Alice navigates this existence in a shady haze, sipping champagne with her sardonic neighbor Bunny (Wilde), and dancing with the other women under the cool gaze of Franks wife, Shelley (Gemma Chan). She notices flaws in the facade of this perfect world, a disturbed wife in the house next door, and a plane falling from the sky.
The Woman King, a wacky, hyper-real, rather sour psychological thriller, is linked to Wilde's previous film, which is likable and conscientiously sweet teen comedy Booksmart. That's no dis, it's a rare pleasure to see a female director working in this populist register, with substantial studio resources behind her. (Gina Prince-Bythewoods, a movie, hopes to establish a trend.)
Wildes willingness to go for the jugular served her well with a ribald comedy that works in a mystery box style. Some are original and striking: Pugh getting pressed back by the plate glass windows of her perfect home, or a Marilyn Monroe suffocating herself in a gigantic cocktail glass. None of them are subtle.
Alice draws closer to the truth about what's happened to Victory's wives. Nothing is as it appears, yet, to an even mildly movie-literate audience, everything is as it appears to be. Even if you can't tell the precise nature of the Shyamalan-esque twist in the narrative, you'll know its contours and where it's going long before it arrives.
Maybe there's a forthrightness to this, or at least a sense of entitlement. After all, if youre looking for what keeps women bound to an unfulfilling fantasy of becalmed domesticity, it's no mystery at all. Perhaps to pretend otherwise for the sake of a satisfying twist would be its own form of gaslighting. But if that's the case, then a high-concept mystery thriller would be the wrong medium for the message.
The film's final act is a mess of illogic, irresolution, and half-formed ideas. The filmmakers close the curtain and point the finger, but they can't seem to manage or bothered to explain themselves or to deal with the consequences. (Dont Worry Darling has all of the signs of being overdeveloped.)
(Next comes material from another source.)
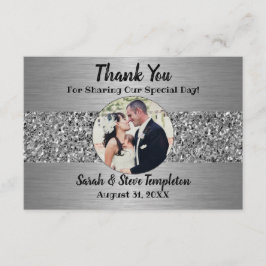 銀製の輝きの写真の結婚式のサンキューカード サンキューカード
The actor who is left behind by the films' failure is not Pugh, but Styles. He isn't the disaster many gleefully predicted, but he looks quite dashing, and his boyish artlessness works better with the films themes than you might expect; in Victory, the women arent the only ones being manipulated; he deflates terriblely; under Harry Styles of everything, there's nothing left.
Pugh's rooted physicality and her radiant, mischievous, stubborn sense of life are greater than real on screen. She will not be denied, and she propels Dont Worry Darling over the finish line with sheer will.
Pugh's performance is enough to make a film of his own. The cinematography, soundtrack, and production are stunning, and the film is played with care. Musically, its richer and a little more edgier, stifling crooning doo-wop and civilized jazz against John Powell's unsettling, nervy tone opens the door to a darker, more provocative film.
Dont Worry Darling will be released on September 23 in cinemas.